Well I'm back to square one again ... the steroid reducation didn't work! Managed to get down to 2 tablets a day for 3 days but couldn't catch my breath, kept falling over everytime I stood up and constant headache, so I'm back up to the full dose for a week then they will start again! Had enough of this now and want to go back to work but seen as I cant even manage to walk round the supermarket I wont be able to manage work!
I had the Brochoscopy last week and it was awful. The sedation didnt take so I was awake through the whole thing. The docs said I did really well but I thought I did terribly. I felt everything and the worst bit was the lung wash. Being able to feel the saline running into my lungs I felt like I was drowning. Really dont want to go through that again! Anyway they said I dont have VCD, but they've taken some samples and biospys to check and I get the results on 2nd December back in clinic. I'm also being referred to a chronic asthma specilaist at Wythenshawe, Dr Niven, but his waiting list is apparently massive so I wont be seeing him anytime soon!

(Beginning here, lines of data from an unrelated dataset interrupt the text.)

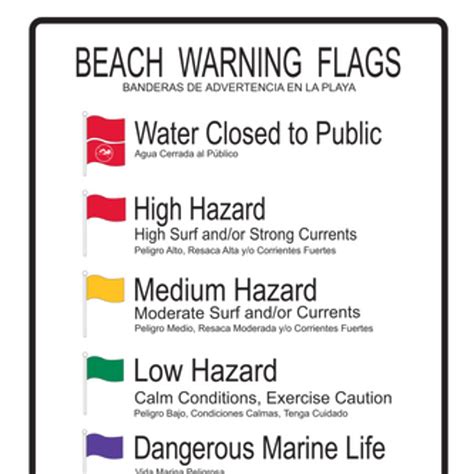 Beach Flags Hs Code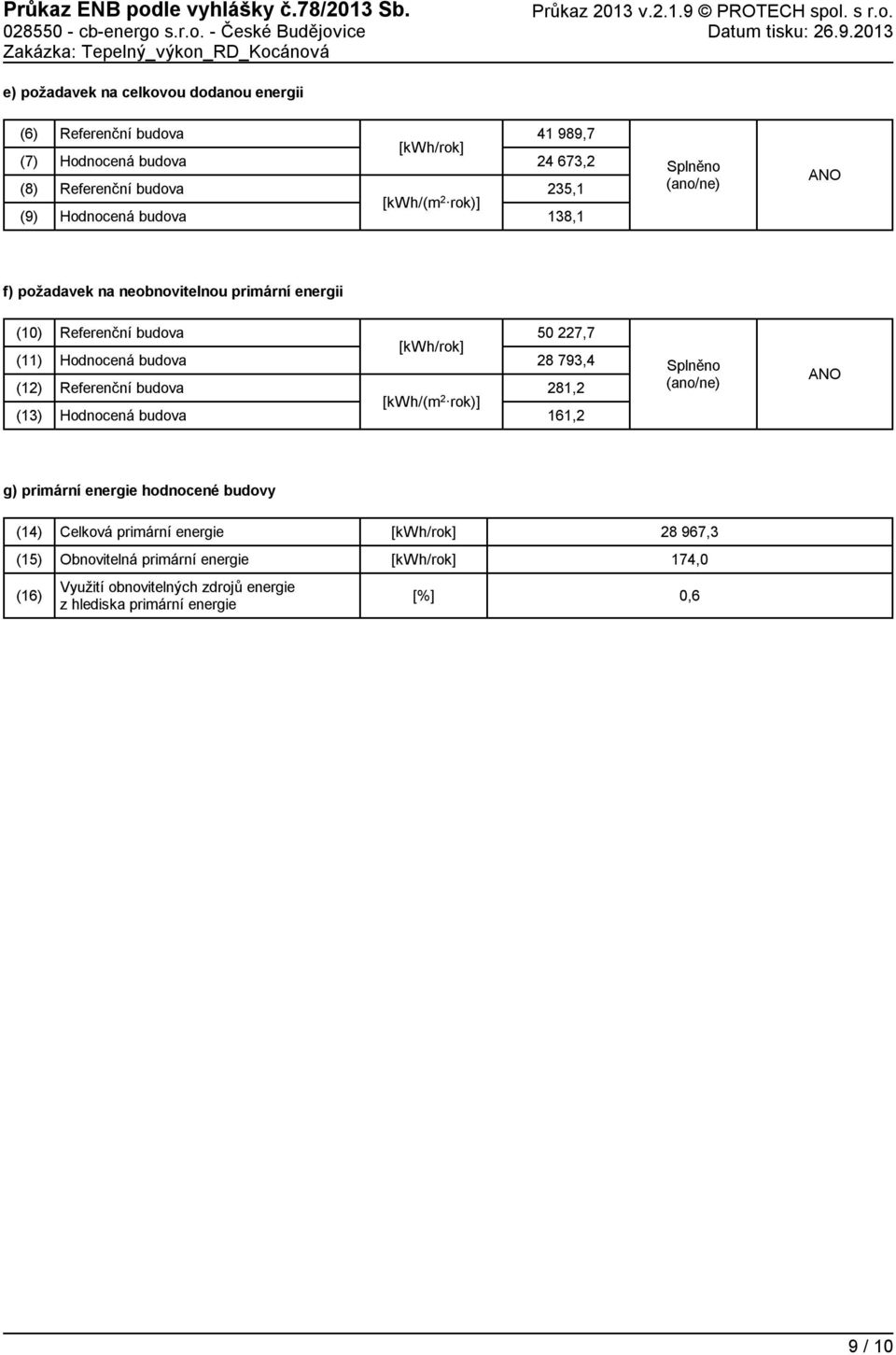 213 e) požadavek na celkovou dodanou energii (6) (7) (8) (9) budova budova budova budova [kwh/(m 2 rok)] 41 989,7 24 673,2 235,1 138,1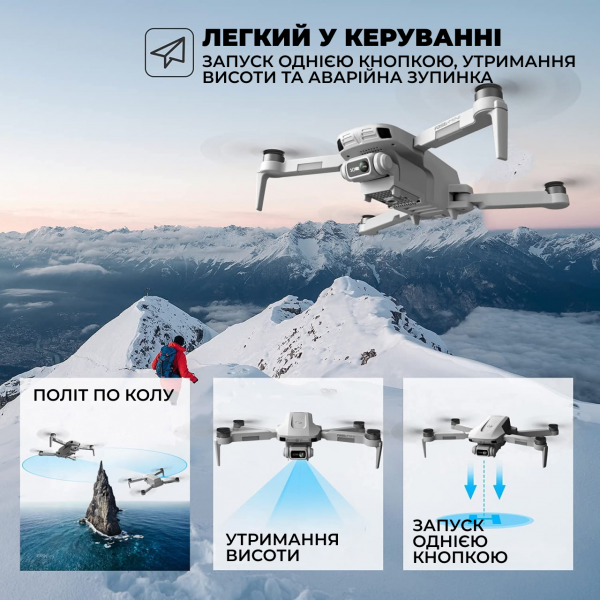 Квадрокоптер 4DRC F8S MAX с пультом и экраном дрон 8K с камерой и GPS, дальность до 2 км 30 мин полета. 2 АКБ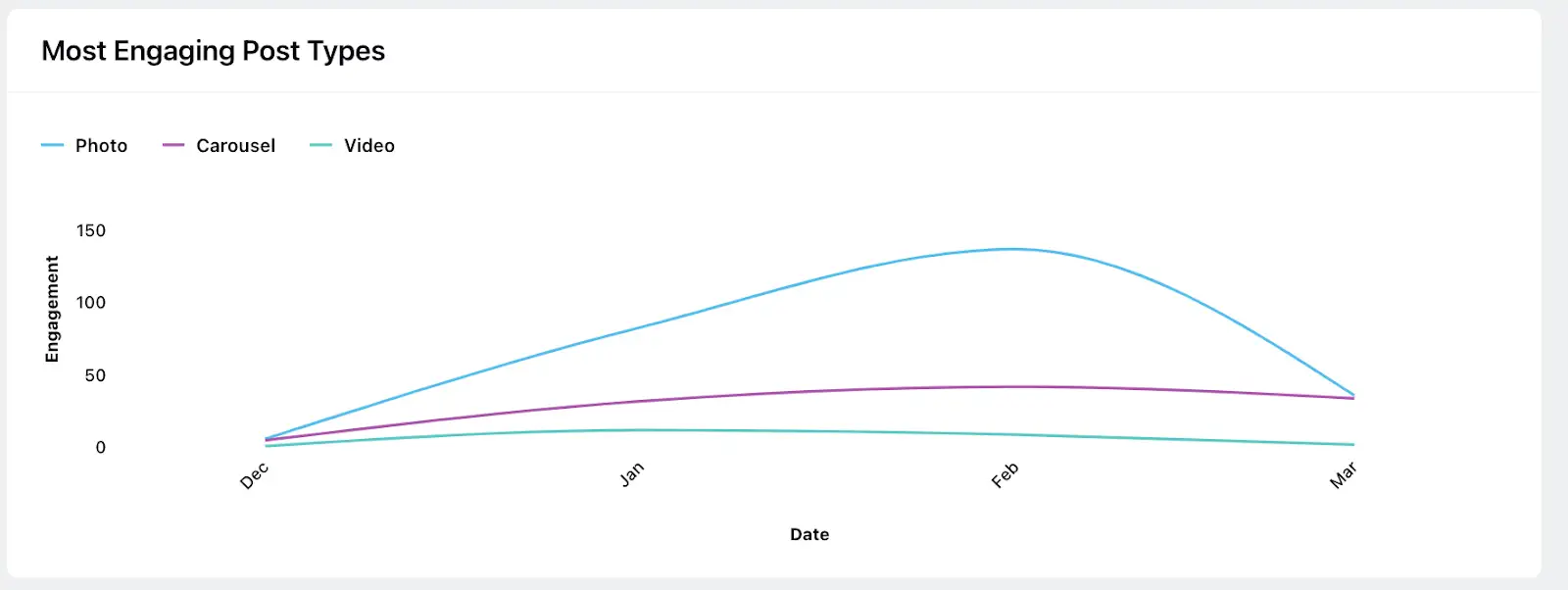 Sprinklr's Instagram Analytics dashboard showcasing Most Engaging Post Types.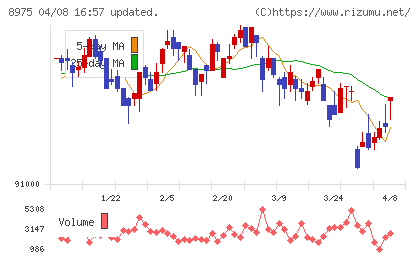 いちごオフィスリート投資法人チャート
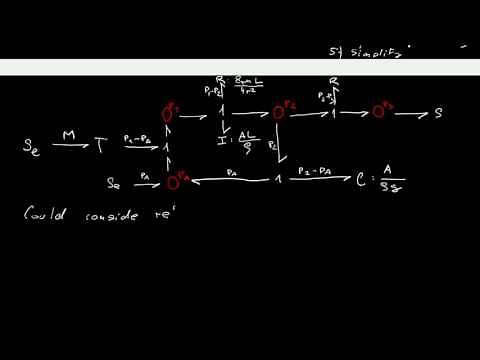 3.2 Building simple bond graphs of mechanical, electrical and hydraulic systems
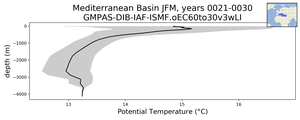 Mediterranean Basin Potential Temperature vs depth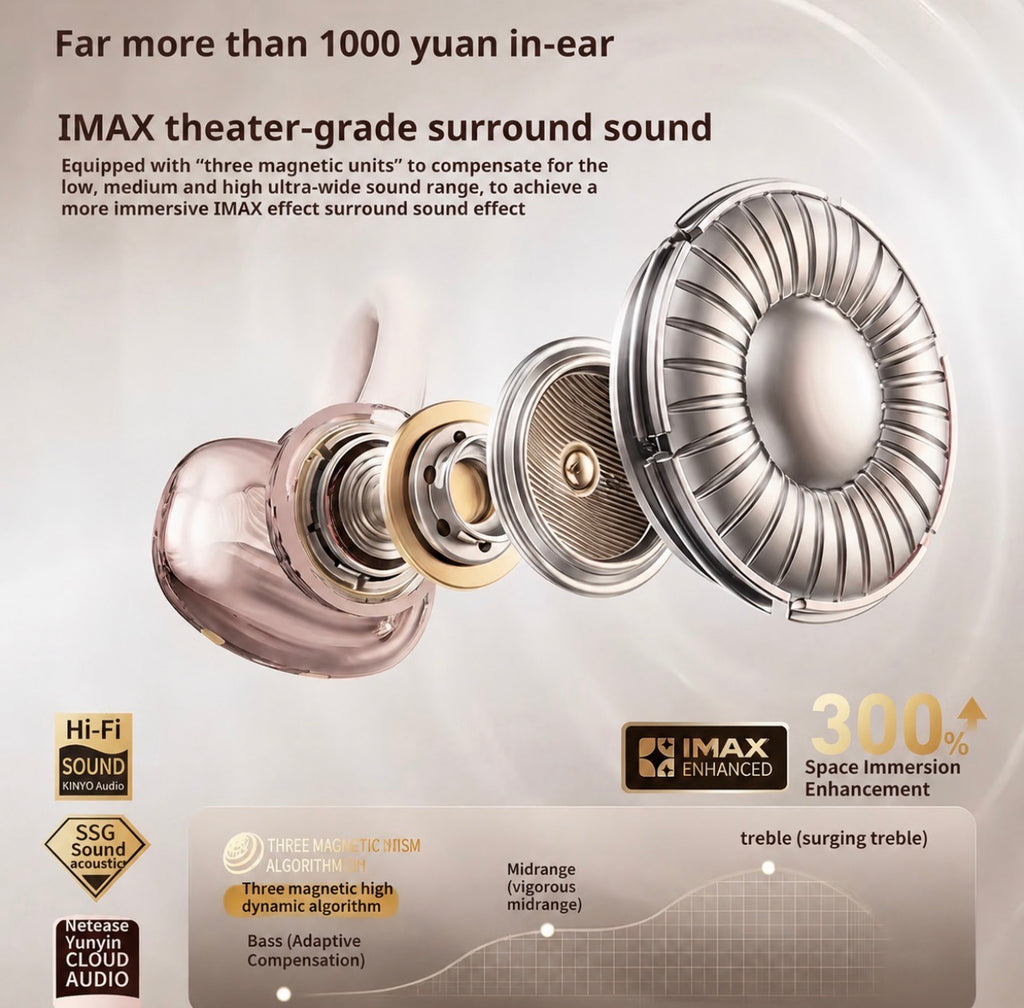 Auriculares Bluetooth 6.0 Open Ear Clip – Sonido envolvente Hi-Fi, 38 horas de autonomía, diseño ergonómico e inteligente con asistente de IA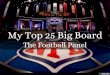 My Top 25 Big Board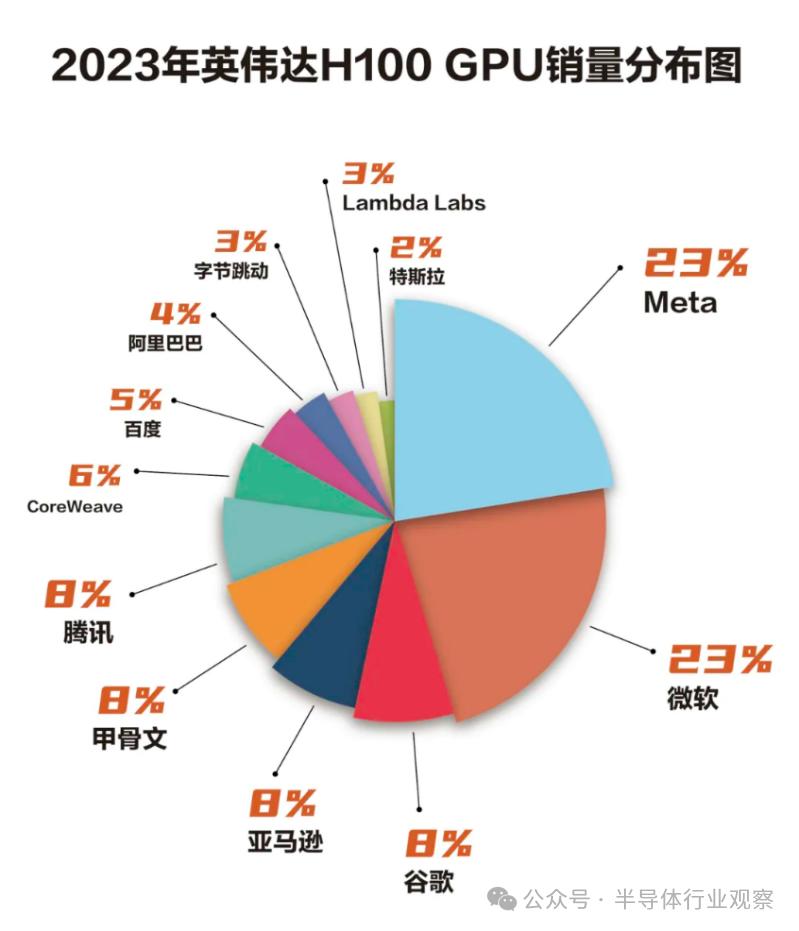 GPU_gpu虚拟化_gpu是显卡吗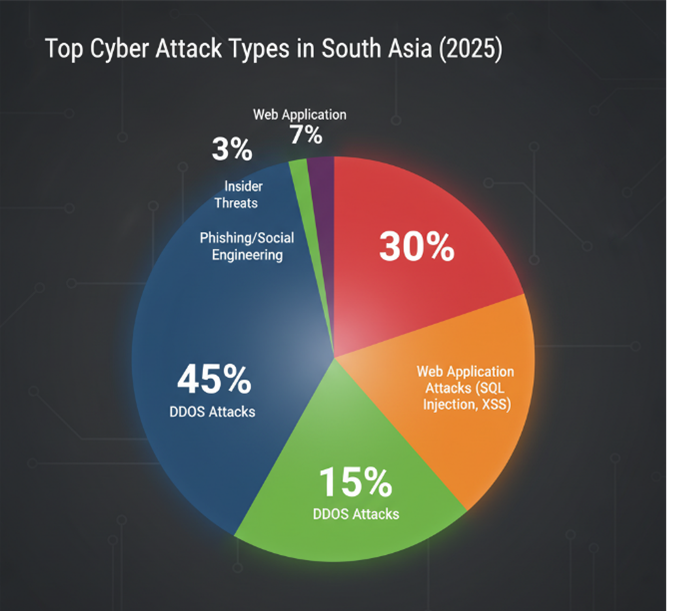 Pakistan’s Role in Modern Cyber Warfare and Regional Stability
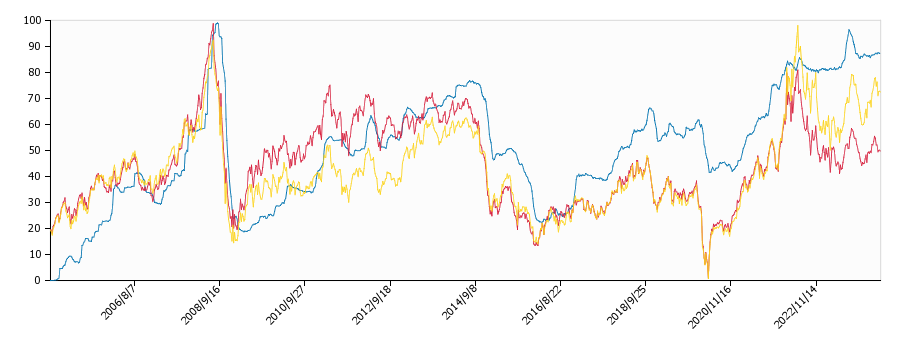 原油価格（ドルベース）と灯油価格（配達/三重）との相関関係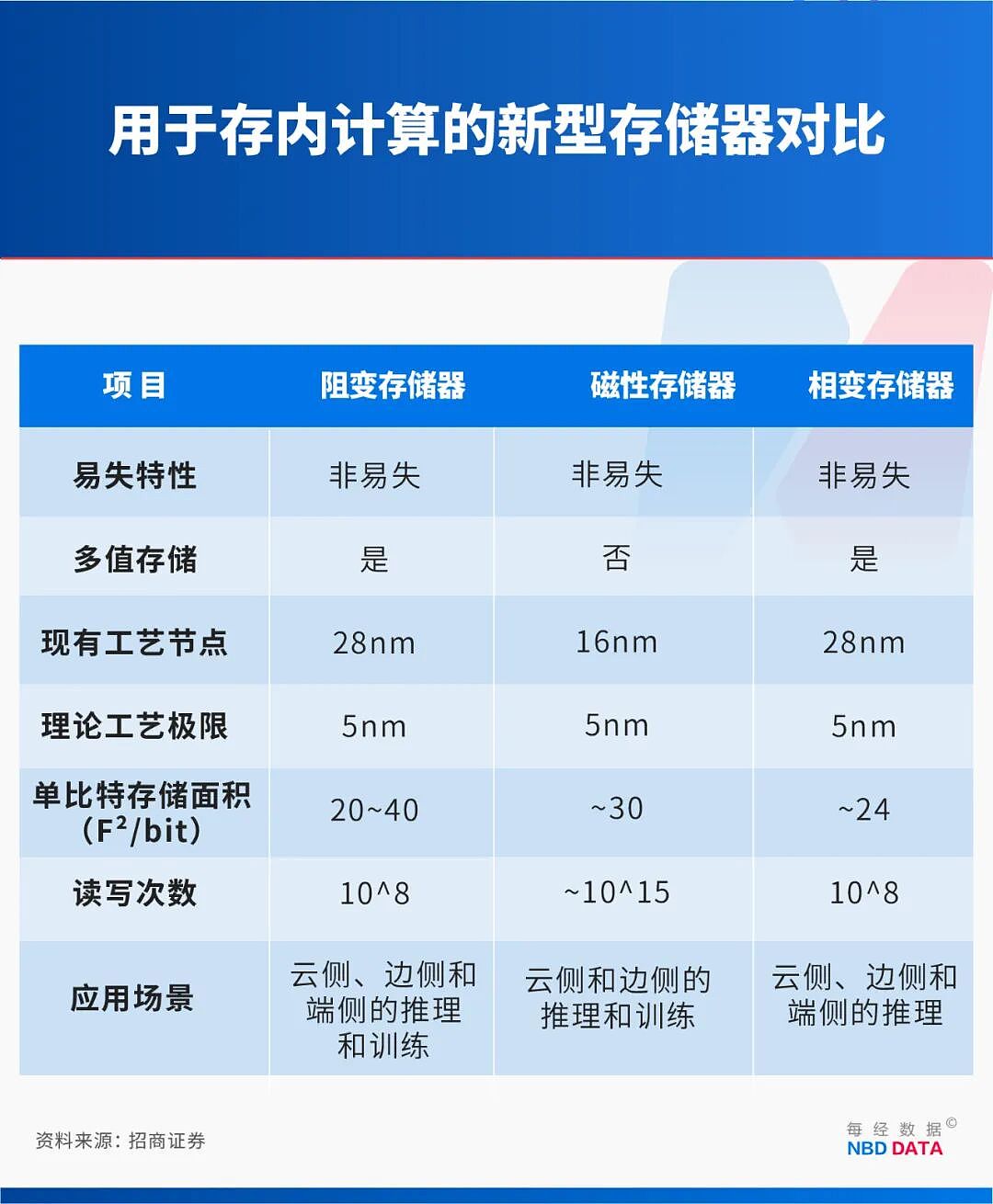 绕开光刻机“卡脖子” ，中国新型芯片问世（组图） - 2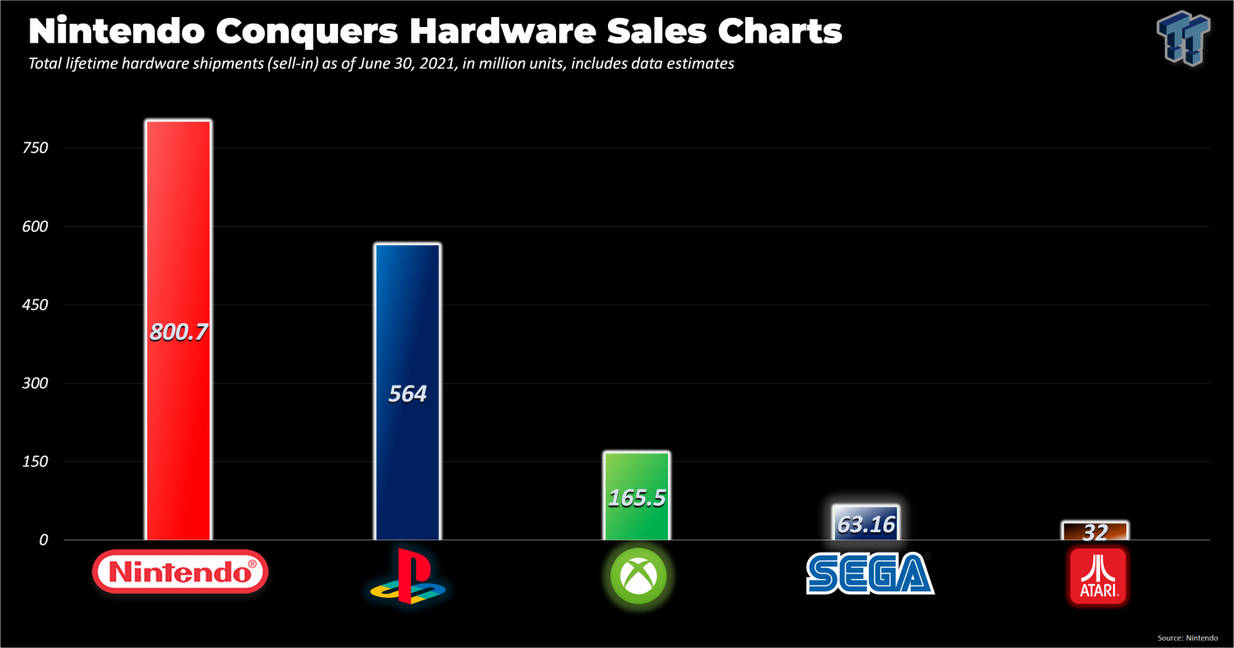 Nintendo, Sega, Sony, Microsoft y Atari by iturrieta on DeviantArt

Finally had a call from my local Asthma Nurse, its only 4 weeks late! She was supposed to get in touch 48 hours after my severe attack 4 weeks ago ... its OK love I only nearly died!!!!!!! No rush!!!! Anyway shes seeing me next Tuesday to go over whats been happening to see if there is anything else she can do to ease my symptons at the minute. Better late than never I suppose.
Sorry for the moan and rant just really had enough now of being told that they don't know why I'm SOB, exhausted and voiceless. I know they have to rule things out but I'm really sick of them building up my hopes for a diagnosis only for them to then say no its not that! I have this feeling I'm going to have to undergo tests on my heart next as they've eliminated most other things now. I just know though that they will turn round and say everythings fine.
I'm sick of feeling like this and really want to go back to work and have my life back and to be able to have a normal sleeping pattern again would be amazing.